Input data:
# # # # # # #

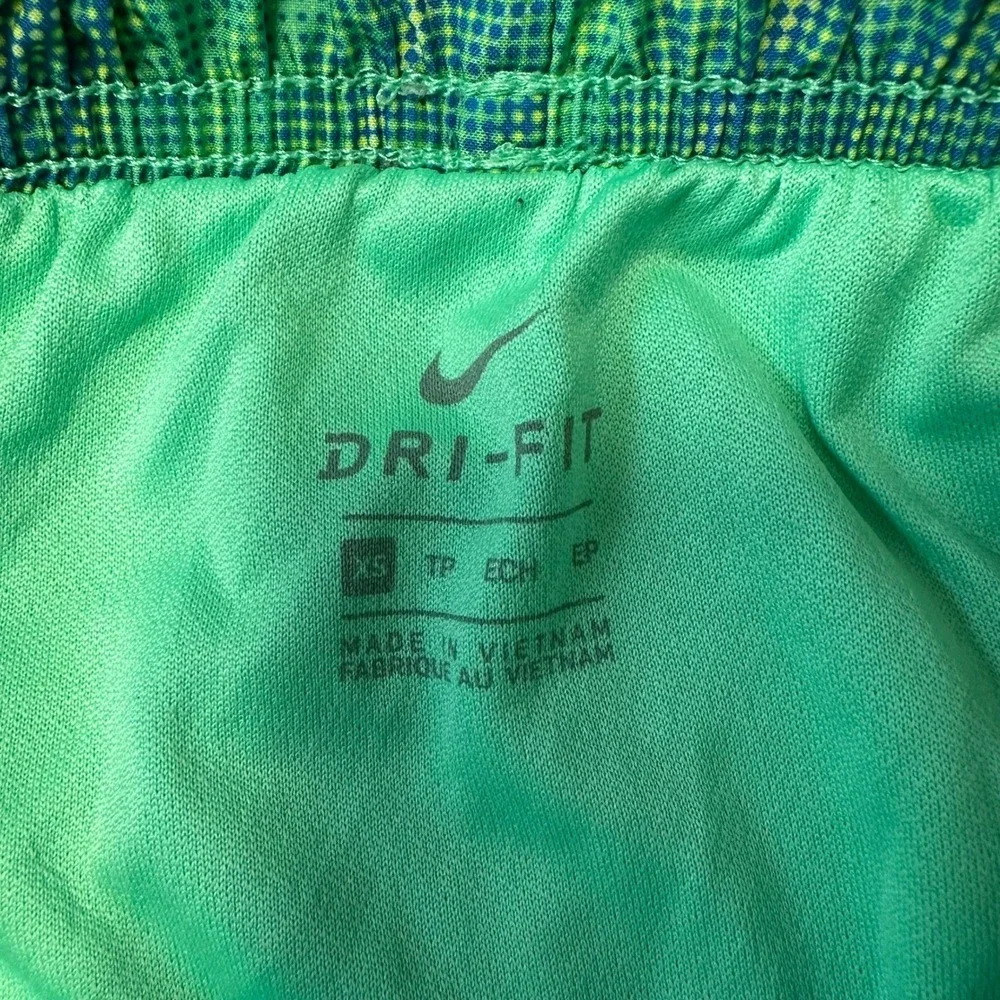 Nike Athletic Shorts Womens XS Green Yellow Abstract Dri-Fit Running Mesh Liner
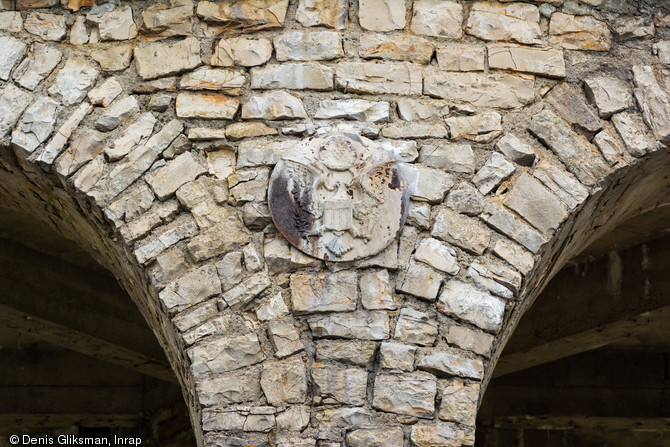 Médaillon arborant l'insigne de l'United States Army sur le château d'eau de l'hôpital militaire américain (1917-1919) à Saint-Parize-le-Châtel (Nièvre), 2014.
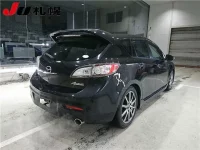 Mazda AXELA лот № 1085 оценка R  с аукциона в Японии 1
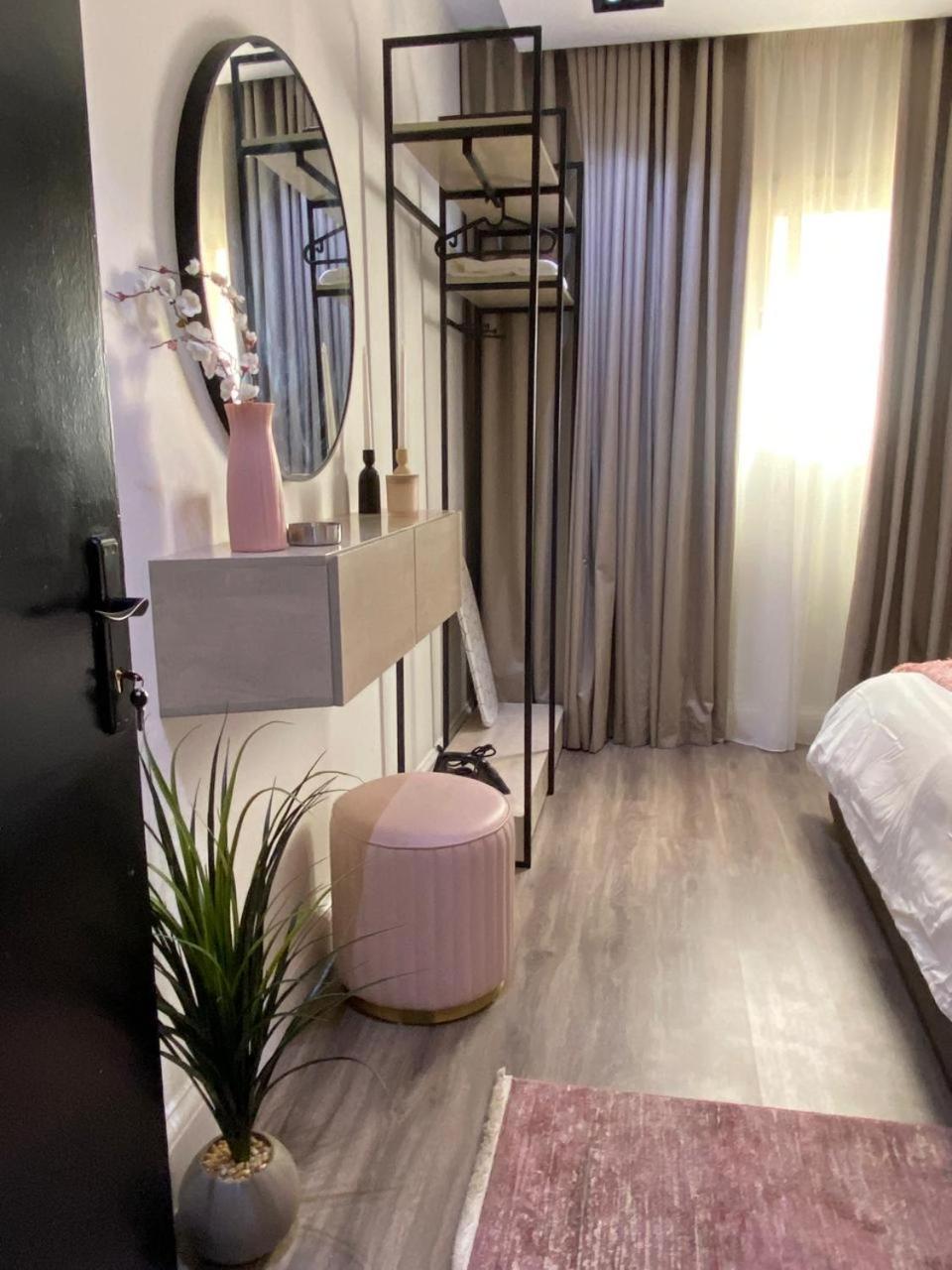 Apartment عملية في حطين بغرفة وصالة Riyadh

# # # # # # #

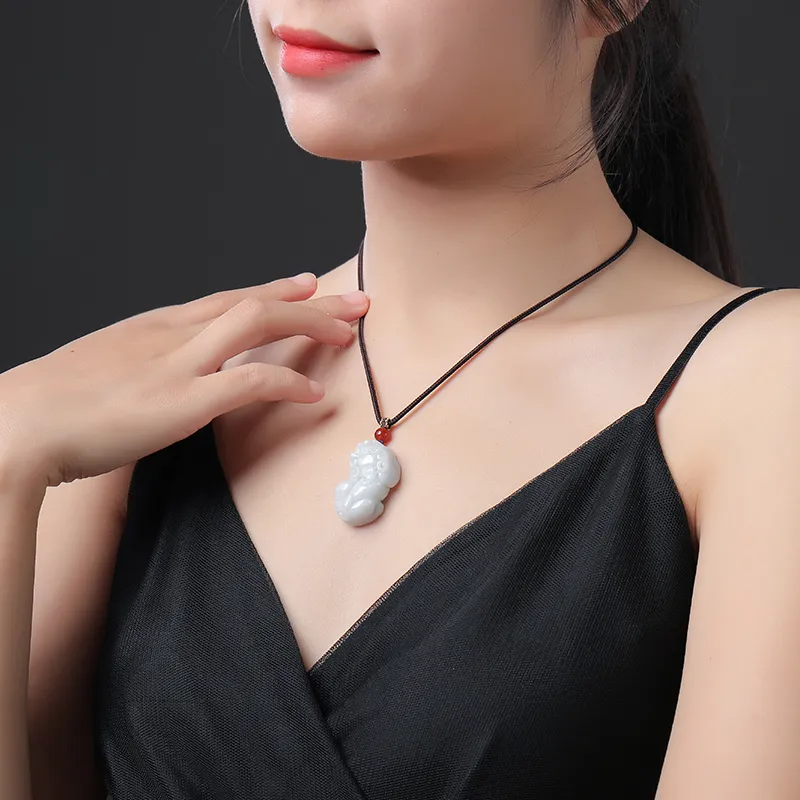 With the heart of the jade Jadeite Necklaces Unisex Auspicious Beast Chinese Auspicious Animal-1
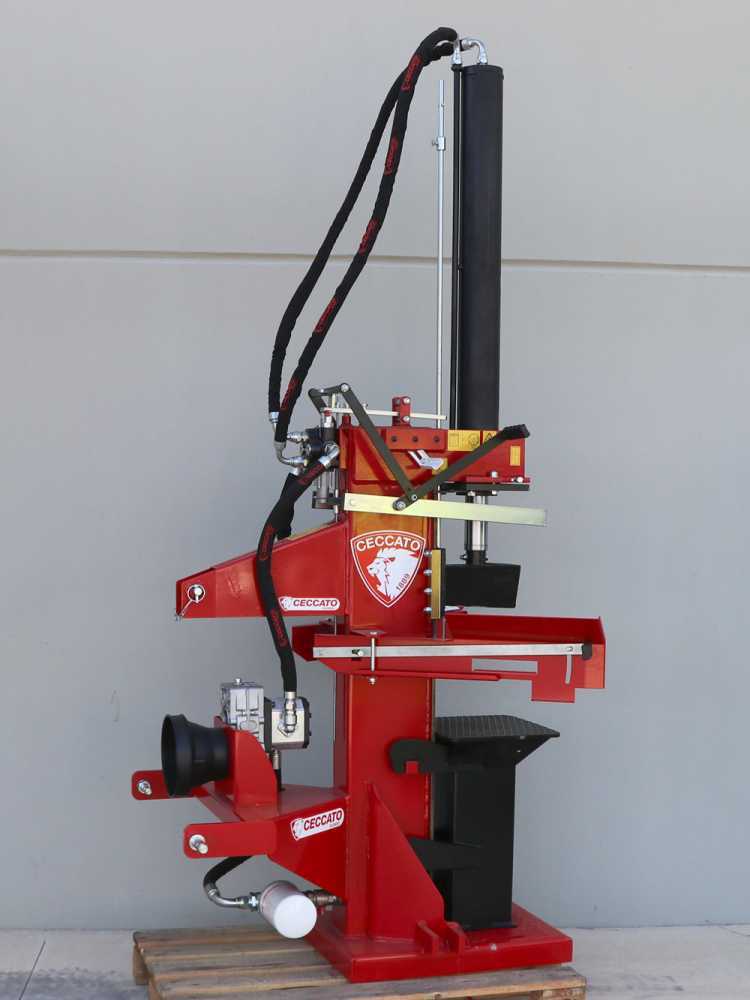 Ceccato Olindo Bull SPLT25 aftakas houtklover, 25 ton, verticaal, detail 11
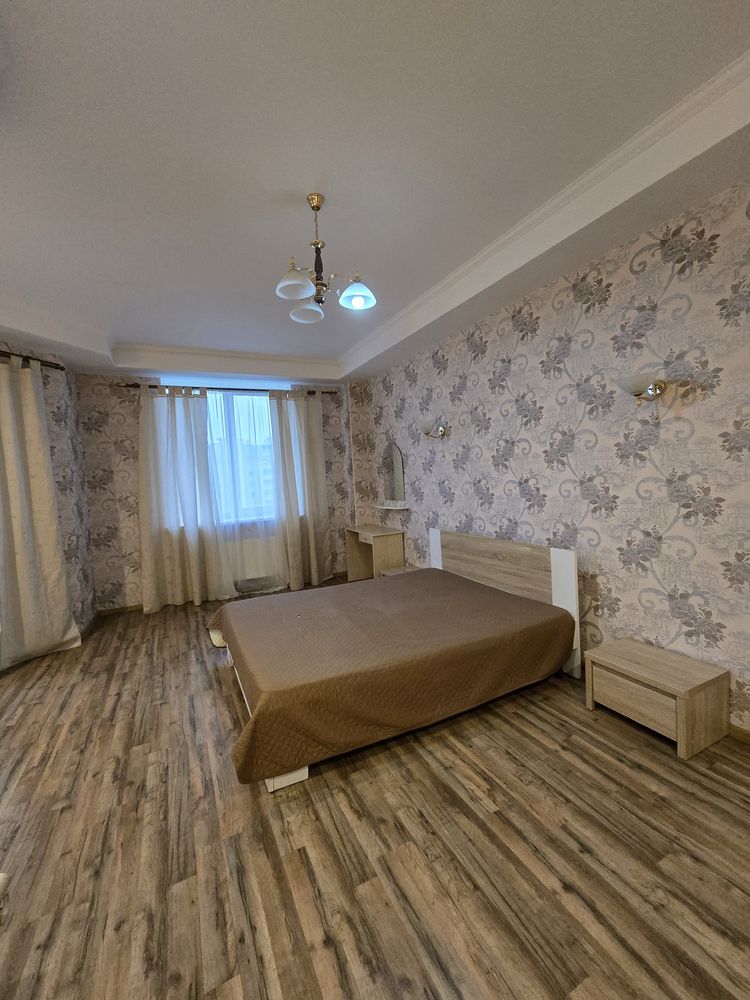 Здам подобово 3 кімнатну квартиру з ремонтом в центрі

# # # # # # #

Task details:
Your reply should consist solely of the lines above from the line containing "Nike Athletic Shorts" up to and including the line containing "Apartment عملية في حطين بغرفة وصالة Riyadh", reproduced exactly, minus the pictures.

Answer box:
 Nike Athletic Shorts Womens XS Green Yellow Abstract Dri-Fit Running Mesh Liner
 Médaillon arborant l'insigne de l'United States Army sur le château d'eau de l'hôpital militaire américain (1917-1919) à Saint-Parize-le-Châtel (Nièvre), 2014.
 Mazda AXELA лот № 1085 оценка R  с аукциона в Японии 1
 Apartment عملية في حطين بغرفة وصالة Riyadh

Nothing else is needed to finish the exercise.